We loaded the entire course into a single document. Since the sentence transformer can handle only limited sections of text, this might be problematic. Next, we will use the `RecursiveCharacterTextSplitter` to split the document into chunks with a `chunk_size` of 1000 characters and a `chunk_overlap` of 20.


In [25]:
text_splitter = RecursiveCharacterTextSplitter(chunk_size=1000, chunk_overlap=20)
all_splits = text_splitter.split_documents(docs)

Let's see what the chunked document looks like.


In [None]:
all_splits[0]

In [None]:
all_splits[1]

In [None]:
all_splits[2]

Next, we initialize a vector store. A vector store is a data structure that functions as a vector database, where each document is stored based on its own embedding. We will use the `FAISS` library for this purpose.


In [None]:
vectorstore = FAISS.from_documents(all_splits, embedding)

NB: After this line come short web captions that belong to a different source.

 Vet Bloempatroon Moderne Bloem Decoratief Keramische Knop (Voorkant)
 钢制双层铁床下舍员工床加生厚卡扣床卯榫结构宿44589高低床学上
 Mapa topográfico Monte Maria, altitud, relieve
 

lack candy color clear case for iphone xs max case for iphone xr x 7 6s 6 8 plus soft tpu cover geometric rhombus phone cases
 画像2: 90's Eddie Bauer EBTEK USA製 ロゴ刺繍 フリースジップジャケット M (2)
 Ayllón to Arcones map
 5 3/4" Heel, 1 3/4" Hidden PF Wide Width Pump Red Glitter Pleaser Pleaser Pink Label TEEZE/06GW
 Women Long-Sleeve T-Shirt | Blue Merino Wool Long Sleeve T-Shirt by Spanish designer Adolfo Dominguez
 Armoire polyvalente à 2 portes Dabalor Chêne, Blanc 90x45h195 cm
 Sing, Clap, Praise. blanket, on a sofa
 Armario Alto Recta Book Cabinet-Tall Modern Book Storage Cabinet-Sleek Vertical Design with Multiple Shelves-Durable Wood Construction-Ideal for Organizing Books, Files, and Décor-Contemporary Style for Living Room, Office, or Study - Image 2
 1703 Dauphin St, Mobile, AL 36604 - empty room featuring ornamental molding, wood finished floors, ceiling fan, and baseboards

Finally, we define a retriever—an object that will handle the **retrieving** part of the RAG pipeline. The retriever receives as arguments the metric by which we search the space and the number of the k-nearest documents (chunks in our case) that we retrieve to present to the studen


In [None]:
retreiver = vectorstore.as_retriever(
    search_type="similarity",
    k=10,
)

Next, we modify our prompt template so that it now receives the context (the documents selected by the RAG system) and then generates the answer.


In [None]:
PROMPT_TEMPLATE = """
You are a helpful AI QA assistant. When answering questions, use the context enclosed by triple backquotes if it is relevant.
If you don't know the answer, just say that you don't know, don't try to make up an answer.
Reply your answer in markdown format.

```
{context}
```

### Question:
{question}

### Answer:
"""

prompt_template = PromptTemplate(
    input_variables=["context", "question"],
    template=PROMPT_TEMPLATE.strip(),
)

With the prompt defined, we next set up the `ConversationalRetrievalChain` that will utilize the defined `retriever` and `llm`, following the `PROMPT_TEMPLATE` to extract documents.


In [None]:
# Construct complete LLM chain
llm_chain = ConversationalRetrievalChain.from_llm(
    llm=llm,
    retriever=retreiver,
    return_source_documents=False,
    combine_docs_chain_kwargs={"prompt": prompt_template},
    verbose=False,
)

Finally, we create the `answer_question` function that will handle the chain invocation for us.


In [None]:
def answer_question(question: str, history: dict[str] = None) -> str:
    if history is None:
        history = []

    response = llm_chain.invoke({"question": question, "chat_history": history})
    answer = response["answer"].split("### Answer:")[-1].strip()
    return answer

In [None]:
question = "What do I have to do for the peer review?"
display_markdown(answer_question(question), raw=True)

In [None]:
question = "What is the first project about?"
display_markdown(answer_question(question), raw=True)

In [None]:
question = "What do you have to do for a good grade?"
display_markdown(answer_question(question), raw=True)

In [None]:
question = "What is the project intended for digital linguistics about?"
display_markdown(answer_question(question), raw=True)

With the introduction of RAG, the `Mistral` model was able to successfully answer questions about the NLP course.

**Exercises:**
* Implement a data loader script that can load documents from a folder.